2025: vem aí mais um recomeço
Hoje em dia, troco o sagrado pelo herege. É a minha opção mundana. Então, gosto muito mais de Réveillon que Natal
A celebração do Natal, até a segunda metade do século passado, era momento único. As coisas eram simples, porém, intensamente marcantes. Não havia as sofisticações de hoje em dia. A violência ainda não se transformara em banalização humana. A indústria cultural não passava de leve projeção futurista. Nem sua mais nociva consequência predominava na sociedade: o consumismo exacerbado.
Naquela época, prevaleciam o espírito de solidariedade e a onipresença de certo menino. Um ser pobre e frágil que nasceu numa manjedoura lá no Oriente Médio. Esse garoto se encontrava muito próximo de cada um de nós, embora distante, imaterial e inacessível. Mas, no final ano, ele tocava fundo a alma das pessoas.
A tradicional Missa do Galo — uma celebração impregnada de fé e misticismo — era aguardada com expectativa. As lembranças daquele momento solene jamais abandonaram o meu imaginário. O cenário permanece suave na memória. O cheiro forte e agradável do incenso se esparramava pelo interior da igreja setecentista.
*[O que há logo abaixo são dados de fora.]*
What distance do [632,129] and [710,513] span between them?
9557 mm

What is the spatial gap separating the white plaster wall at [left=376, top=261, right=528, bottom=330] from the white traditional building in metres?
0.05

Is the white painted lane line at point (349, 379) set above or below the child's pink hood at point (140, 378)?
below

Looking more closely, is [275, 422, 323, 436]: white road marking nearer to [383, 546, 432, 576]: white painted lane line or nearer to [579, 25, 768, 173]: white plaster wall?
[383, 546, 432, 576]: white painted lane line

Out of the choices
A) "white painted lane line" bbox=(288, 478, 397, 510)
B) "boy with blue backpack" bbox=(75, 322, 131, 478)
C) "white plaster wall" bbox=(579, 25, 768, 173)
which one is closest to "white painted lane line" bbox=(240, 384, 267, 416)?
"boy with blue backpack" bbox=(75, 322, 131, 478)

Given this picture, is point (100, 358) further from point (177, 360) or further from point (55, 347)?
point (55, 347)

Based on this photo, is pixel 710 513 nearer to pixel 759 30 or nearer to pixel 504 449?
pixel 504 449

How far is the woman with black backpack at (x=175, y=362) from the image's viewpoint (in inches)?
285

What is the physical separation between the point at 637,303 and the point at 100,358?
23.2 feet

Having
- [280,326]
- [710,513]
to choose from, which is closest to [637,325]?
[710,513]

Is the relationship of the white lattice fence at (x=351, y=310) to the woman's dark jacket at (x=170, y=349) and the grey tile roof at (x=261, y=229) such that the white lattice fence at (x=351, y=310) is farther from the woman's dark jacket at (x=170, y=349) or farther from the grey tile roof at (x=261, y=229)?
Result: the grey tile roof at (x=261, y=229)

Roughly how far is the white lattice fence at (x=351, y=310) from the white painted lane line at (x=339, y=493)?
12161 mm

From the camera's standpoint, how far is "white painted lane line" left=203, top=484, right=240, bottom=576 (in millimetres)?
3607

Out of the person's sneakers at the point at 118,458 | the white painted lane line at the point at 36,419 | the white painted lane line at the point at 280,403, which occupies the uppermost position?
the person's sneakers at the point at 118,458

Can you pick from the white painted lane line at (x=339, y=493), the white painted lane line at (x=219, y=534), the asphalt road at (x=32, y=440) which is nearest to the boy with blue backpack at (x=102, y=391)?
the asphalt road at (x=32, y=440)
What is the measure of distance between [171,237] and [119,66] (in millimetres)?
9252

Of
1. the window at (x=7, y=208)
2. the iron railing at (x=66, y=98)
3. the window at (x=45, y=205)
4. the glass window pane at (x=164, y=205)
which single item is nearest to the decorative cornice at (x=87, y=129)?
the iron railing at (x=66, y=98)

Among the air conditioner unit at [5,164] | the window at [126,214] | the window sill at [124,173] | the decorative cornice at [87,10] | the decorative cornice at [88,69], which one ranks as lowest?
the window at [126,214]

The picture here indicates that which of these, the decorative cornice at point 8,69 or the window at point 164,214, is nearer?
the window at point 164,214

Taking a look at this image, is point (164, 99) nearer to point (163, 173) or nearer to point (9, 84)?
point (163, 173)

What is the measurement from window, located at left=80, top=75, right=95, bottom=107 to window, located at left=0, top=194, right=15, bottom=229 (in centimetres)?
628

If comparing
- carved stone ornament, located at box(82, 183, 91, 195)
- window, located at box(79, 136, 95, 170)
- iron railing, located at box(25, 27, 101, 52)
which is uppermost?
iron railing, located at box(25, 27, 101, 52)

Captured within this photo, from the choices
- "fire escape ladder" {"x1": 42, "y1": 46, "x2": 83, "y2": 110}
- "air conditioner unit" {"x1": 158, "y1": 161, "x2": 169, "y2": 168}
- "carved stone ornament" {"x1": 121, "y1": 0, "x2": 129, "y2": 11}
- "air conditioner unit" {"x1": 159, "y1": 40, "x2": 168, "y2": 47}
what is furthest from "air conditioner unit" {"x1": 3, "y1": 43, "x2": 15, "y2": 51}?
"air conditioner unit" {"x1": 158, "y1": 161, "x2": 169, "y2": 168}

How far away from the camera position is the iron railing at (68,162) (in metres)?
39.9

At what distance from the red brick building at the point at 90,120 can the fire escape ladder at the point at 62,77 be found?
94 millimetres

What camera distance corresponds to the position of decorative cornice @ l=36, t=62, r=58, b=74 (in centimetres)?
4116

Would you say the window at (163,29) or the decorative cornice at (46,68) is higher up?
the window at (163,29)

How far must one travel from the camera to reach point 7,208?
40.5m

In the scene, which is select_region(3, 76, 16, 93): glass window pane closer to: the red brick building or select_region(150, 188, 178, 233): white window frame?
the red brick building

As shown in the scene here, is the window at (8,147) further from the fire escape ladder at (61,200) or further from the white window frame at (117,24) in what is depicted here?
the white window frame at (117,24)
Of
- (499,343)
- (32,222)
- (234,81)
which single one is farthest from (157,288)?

O som das campainhas era eventual chamamento à razão. E nós, crianças alheias à frieza da realidade, despertávamos de uma sonolência mórbida. A mistura de sons e aromas parecia oriunda do além.
O ofício religioso era longo e extenuante. As cantigas do coral ecoavam no interior da “Casa do Senhor”. Não dava para entender as mensagens que as peças musicais tentavam transmitir. Afinal, eram complexas de tão barrocas ou barrocas de tão complexas. Ainda assim, o modorrento ritual cristão fazia valer a pena o sacrifício da mais importante alegoria do catolicismo.
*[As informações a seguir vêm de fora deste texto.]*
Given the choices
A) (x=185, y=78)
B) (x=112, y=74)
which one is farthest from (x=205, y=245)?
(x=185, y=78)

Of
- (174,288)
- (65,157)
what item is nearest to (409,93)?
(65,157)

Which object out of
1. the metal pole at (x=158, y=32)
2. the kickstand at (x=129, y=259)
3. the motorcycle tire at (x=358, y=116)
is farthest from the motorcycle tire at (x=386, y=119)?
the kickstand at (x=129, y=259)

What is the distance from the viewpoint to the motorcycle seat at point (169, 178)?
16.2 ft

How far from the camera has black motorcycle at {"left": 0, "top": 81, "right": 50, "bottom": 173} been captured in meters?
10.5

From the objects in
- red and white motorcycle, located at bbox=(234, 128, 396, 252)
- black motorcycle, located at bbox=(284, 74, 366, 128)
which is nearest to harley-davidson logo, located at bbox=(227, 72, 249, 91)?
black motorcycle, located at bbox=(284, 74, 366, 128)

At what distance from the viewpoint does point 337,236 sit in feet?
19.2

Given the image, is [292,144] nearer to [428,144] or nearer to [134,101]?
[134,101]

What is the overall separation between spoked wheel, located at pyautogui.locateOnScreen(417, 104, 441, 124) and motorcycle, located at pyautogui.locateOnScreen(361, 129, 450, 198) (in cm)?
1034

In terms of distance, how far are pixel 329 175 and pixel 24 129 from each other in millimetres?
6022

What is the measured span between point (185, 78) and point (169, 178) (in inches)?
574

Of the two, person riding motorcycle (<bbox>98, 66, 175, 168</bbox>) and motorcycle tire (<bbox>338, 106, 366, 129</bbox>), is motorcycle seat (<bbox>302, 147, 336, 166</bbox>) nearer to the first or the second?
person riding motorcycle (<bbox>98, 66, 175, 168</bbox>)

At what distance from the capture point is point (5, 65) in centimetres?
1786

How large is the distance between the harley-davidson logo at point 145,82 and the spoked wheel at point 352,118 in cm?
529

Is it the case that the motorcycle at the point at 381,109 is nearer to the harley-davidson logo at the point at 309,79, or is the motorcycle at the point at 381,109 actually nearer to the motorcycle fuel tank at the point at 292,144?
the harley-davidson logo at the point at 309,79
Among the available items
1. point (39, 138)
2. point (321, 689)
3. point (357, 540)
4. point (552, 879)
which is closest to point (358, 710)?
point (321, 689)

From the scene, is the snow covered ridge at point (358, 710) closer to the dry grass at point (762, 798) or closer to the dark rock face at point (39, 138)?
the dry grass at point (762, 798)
A potente voz do sacerdote partia da capela-mor, atravessava o arco-cruzeiro e se perdia no interior da nave. O silêncio era intenso e profundo, apenas entrecortado por eventuais bocejos. Todos os fiéis, compenetrados e exaustos, ouviam o prolixo discurso do “porta-voz” de Deus. A oratória era um misto de indolência com erudição. Os padres da década de 1960 eram especialistas em sermões litúrgicos. Gritavam demais. Esse detalhe pouco importava. E muito menos incomodava. Mesmo porque, os fiéis dormiam profundamente. Os imensos templos religiosos- frescos e misteriosos- são locais ideais para sacro cochilo.
Hoje em dia, troco o sagrado pelo herege. É a minha opção mundana. Então, gosto muito mais de Réveillon que Natal. A encenação do nascimento “Dele” não me faz bem. Soa tudo muito falso, vazio e sem sentido. O parto de Cristo é sinônimo de comércio. Nessa comemoração religiosa, vende-se tudo: o menino, o pai, a mãe, os reis visitantes, os bois e as vacas. Nem o capim da estrebaria escapa da gula mercantilista. Por tudo isso, prefiro as irreverências das viradas de ano. O profano sempre me encantou.
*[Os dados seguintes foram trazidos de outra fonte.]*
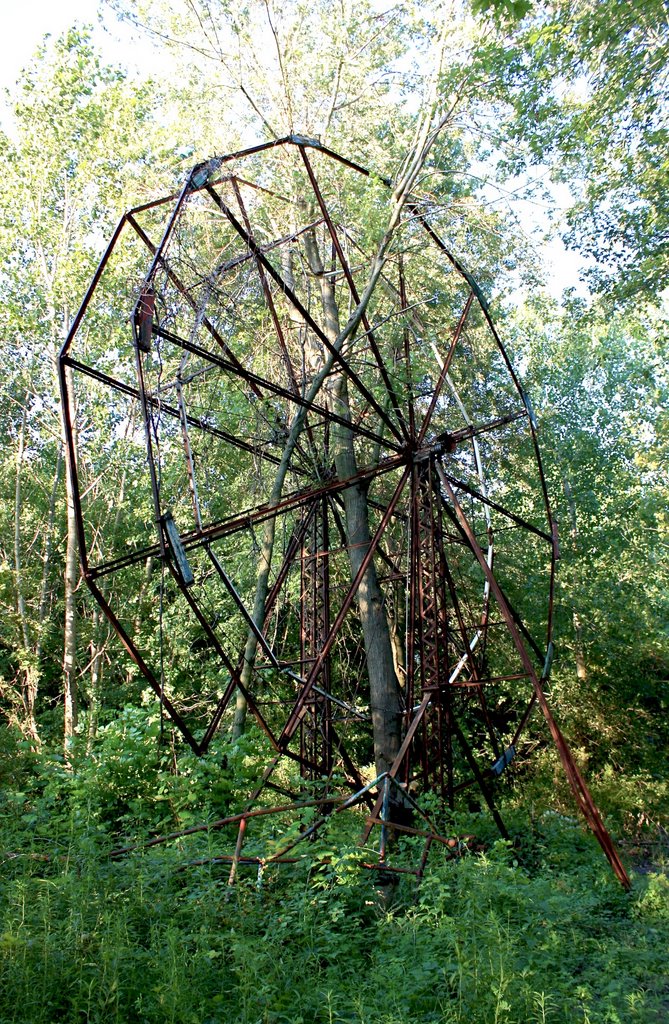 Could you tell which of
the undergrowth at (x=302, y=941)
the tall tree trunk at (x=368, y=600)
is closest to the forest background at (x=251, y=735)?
the undergrowth at (x=302, y=941)

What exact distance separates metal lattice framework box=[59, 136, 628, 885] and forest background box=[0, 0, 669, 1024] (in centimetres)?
72

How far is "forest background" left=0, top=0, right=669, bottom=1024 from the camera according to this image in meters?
4.40

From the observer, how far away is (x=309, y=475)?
37.1 ft

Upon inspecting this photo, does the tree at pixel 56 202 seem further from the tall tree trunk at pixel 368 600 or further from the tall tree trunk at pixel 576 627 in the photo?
the tall tree trunk at pixel 576 627

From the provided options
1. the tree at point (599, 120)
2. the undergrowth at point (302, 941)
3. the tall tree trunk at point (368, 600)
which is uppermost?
the tree at point (599, 120)

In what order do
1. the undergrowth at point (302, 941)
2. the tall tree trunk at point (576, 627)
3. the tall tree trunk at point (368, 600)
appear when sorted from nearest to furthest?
the undergrowth at point (302, 941) → the tall tree trunk at point (368, 600) → the tall tree trunk at point (576, 627)

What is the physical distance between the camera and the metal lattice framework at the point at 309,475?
8336 mm

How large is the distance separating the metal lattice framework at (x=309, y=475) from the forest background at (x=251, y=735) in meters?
0.72

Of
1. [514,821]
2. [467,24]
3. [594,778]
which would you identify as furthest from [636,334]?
[514,821]

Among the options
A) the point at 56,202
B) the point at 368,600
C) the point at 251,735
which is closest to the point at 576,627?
the point at 368,600

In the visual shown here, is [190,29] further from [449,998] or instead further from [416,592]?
[449,998]

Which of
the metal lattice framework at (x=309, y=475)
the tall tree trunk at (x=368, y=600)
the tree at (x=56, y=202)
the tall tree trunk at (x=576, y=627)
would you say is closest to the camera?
the metal lattice framework at (x=309, y=475)

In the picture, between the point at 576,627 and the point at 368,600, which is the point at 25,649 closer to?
the point at 368,600

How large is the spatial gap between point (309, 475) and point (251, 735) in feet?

A vida não é um fenômeno estático. Tem início, meio e fim. Ou fim, meio e reinício. Ela (a vida) é o núcleo de um processo dinâmico e maravilhoso. Coerente com o meu ponto de vista, desejo-lhes um 2025 com a magia da fênix. Esse é o grande segredo dessa existência. Feliz recomeço!
P.S.1: as igrejas barrocas e o meu tempo de criança, em Ouro Preto, são a fonte de inspiração.
P.S.2: Silas Malafaia é “porta-voz” de Deus? Poupem-me, por favor.
Fernando Silva é jornalista e escreve sobre política em DeFato Online.